Warning: You cannot use fields that have been recoded as join keys. If you recode a field after it’s been used as a field key, you won’t be able to publish dataset changes.

Understanding Left Outer Joins

To understand how a left outer join works, let’s look at an example. Here, we’re going to add more information about a store location to customer feedback.

Look at the image of the dataset below. The first data source on top is our “left” data source, and the second data source on the bottom is our “right” data source.

Let’s say these tables represent the data you can find in each survey:

Customer Feedback (Left Source)

Customer IDSatisfaction (1-5)Location ID
1012555
1024777
1035999
1045222
1053555

Store Locations (Right Source)

Location IDLocation name
555Provo
777Dublin
999Seattle
1000Tokyo

You choose to join the data based on Location ID. This field is called a “join key.”

This is the data unique to the second (right) dataset. This would be removed:

Location IDLocation name
1000Tokyo

This is the final output, or all of the data that would be included in your results:

Customer IDSatisfaction (1-5)Location IDLocation name
1012555Provo
1024777Dublin
1035999Seattle
1045222null
1053555Provo

Notice how the Provo, Dublin, and Seattle results contain columns of data from both the Right and Left sources, because these rows shared common location IDs.

There was no customer feedback data for Tokyo in the Left source, so Tokyo isn’t in the final dataset. Furthermore, there’s no location with the ID 222, so this store’s name is returned as “null.”

Importance of Unique Join Keys

Because join keys help to identify rows that need to be combined from the left and right sources, we recommend making sure the join key you use acts like a unique identifier. Otherwise, if there are multiple records in the right source that match the join key of the left source, only one of them will be pulled randomly.

Example: Let’s look at the example we discussed above. We have the same left source. But in the right source, we have these rows:

Location IDLocation name
338Raleigh
338Charlotte

In the resulting join, only one of the 338 rows will be saved, but not both.

If the join key isn’t unique for each record on a right source, and you want to include all records from both the right and left source, a union should be used instead. Unions pull in each of the records separately instead of combining the rows of information.

Understanding Inner Joins

Attention: Inner and full outer joins are currently in development, and are not yet available to all customers. Qualtrics may, in its sole discretion and without liability, change the timing of any product feature rollout, change the functionality for any in preview or in development product feature, or choose not to release a product feature or functionality for any reason or for no reason. If you’re interested in trying this feature, please reach out to Account Services.

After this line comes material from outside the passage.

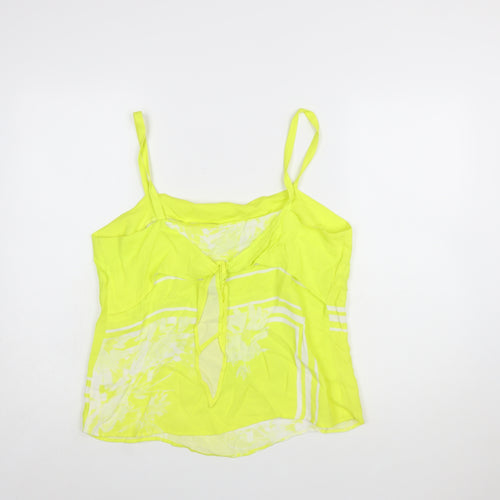 Mint Velvet Women's Yellow Floral Chiffon Camisole Top Size 14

Attention: Inner joins update periodically with new data instead of continuously. See linked page for details.

With an inner join, the resulting, merged dataset only includes matching rows found in both datasets. Because inner joins exclude records from either source that are missing data, the resulting datasets tend to have fewer empty columns, and the order of sources (which is left or right) matters less than with other join types.

Let’s say these tables represent the data you can find in each survey:

Customer Reward Tier (Left Source)

Customer IDNameReward Tier
101Phil SteinEmerald
102Amir DarGold
103Beth GreenSilver
104Lucia VasquezEmerald

Store Experience Feedback (Right Source)

Customer IDSatisfaction (1-5)Store
1011Provo
1043Provo
1135Scranton

You choose to join the data based on Customer ID. This field is called a “join key.”

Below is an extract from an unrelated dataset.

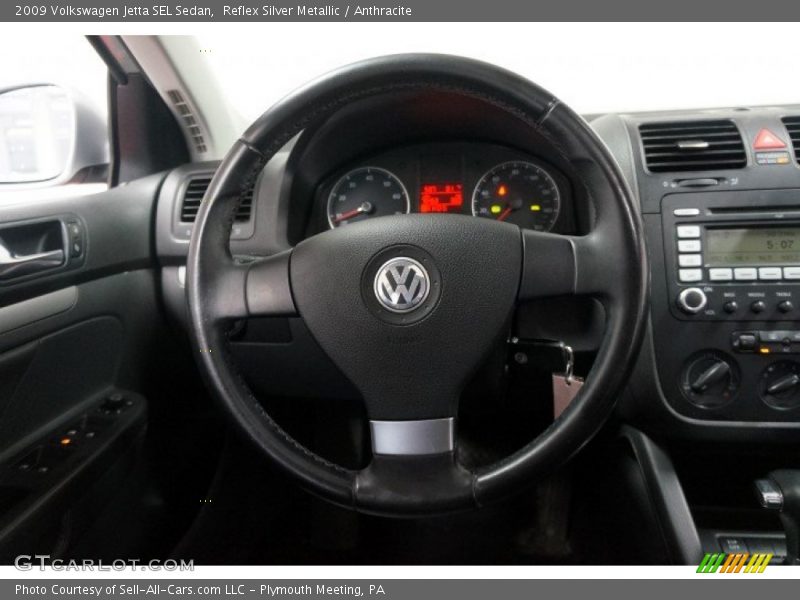 Reflex Silver Metallic / Anthracite 2009 Volkswagen Jetta SEL Sedan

This is all of the data from each source that would be excluded from the final dataset.

Customer IDNameReward TierSatisfaction (1-5)Store
102Amir DarGoldNullNull
103Beth GreenSilverNullNull
113NullNull5Scranton

This is the final output, or all of the data that would be included in your results:

Customer IDSatisfaction (1-5)NameStoreReward Tier
1011Phil SteinProvoEmerald
1043Lucia VasquezProvoEmerald

Even though these sources are being joined by customer ID, the customers with IDs 102, 103, and 113 are excluded from the final dataset because they are missing too much information. Only Phil (101) and Lucia (104) have full data available from both sources.

Understanding Full Outer Joins

Attention: Inner and full outer joins are currently in development, and are not yet available to all customers. Qualtrics may, in its sole discretion and without liability, change the timing of any product feature rollout, change the functionality for any in preview or in development product feature, or choose not to release a product feature or functionality for any reason or for no reason. If you’re interested in trying this feature, please reach out to Account Services.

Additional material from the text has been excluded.